Are you ready for something special? Well, strap yourselves in and hold on tight, a potential game-changer for home gaming will be released this year, a device that could change the way we play forever – the PlayStation VR.
Virtual Reality has long been on the wishlist of many gamers, especially those of us who have played Arcade VR games (my first go was in the Trocadero in London, playing some awful game with bare polygons and what felt like a motorcycle helmet on my head), but none have ever really broken through to the home gaming market, meaning that a fully immersive home experience has never quite been achieved.
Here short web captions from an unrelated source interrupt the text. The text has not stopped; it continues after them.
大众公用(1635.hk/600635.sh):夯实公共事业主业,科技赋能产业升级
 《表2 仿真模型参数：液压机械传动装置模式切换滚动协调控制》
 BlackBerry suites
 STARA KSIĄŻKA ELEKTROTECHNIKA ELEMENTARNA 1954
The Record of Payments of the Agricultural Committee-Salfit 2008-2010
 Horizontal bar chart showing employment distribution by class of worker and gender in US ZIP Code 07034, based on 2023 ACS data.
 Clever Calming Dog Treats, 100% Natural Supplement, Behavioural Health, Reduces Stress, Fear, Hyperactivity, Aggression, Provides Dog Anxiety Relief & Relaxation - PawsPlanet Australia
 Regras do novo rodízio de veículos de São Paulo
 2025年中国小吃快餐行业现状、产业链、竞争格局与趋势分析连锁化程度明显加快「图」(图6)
PlayStation VR promises to bring virtual reality to home gamers through a sleek new headset. The price and release date are to be confirmed, but the rumours currently place it at around £350 (£100 more than the console itself, so not cheap) and most experts expect a release in the Autumn. If the VR can deliver what it seems to promise in the trailers, then it really could lead a new revolution of gaming.
PS VR isn’t the only one in the running for 2016 however. The Oculus Rift system is perhaps the best known (and longest hyped) which will also launch soon, as well as Apple and Google who are rumoured to have versions in development themselves.
“The rumoured price is currently around £350 and most experts expect a release in the Autumn”
Oculus Rift has been in the media a lot, especially after Mark Zuckerburg (yes, the Facebook chap) bought the business for $2bn last year. No doubt Oculus will make a splash with Facebook’s horsepower behind it, but there is a lot of chatter about how beefy your hardware will need to be to run the system.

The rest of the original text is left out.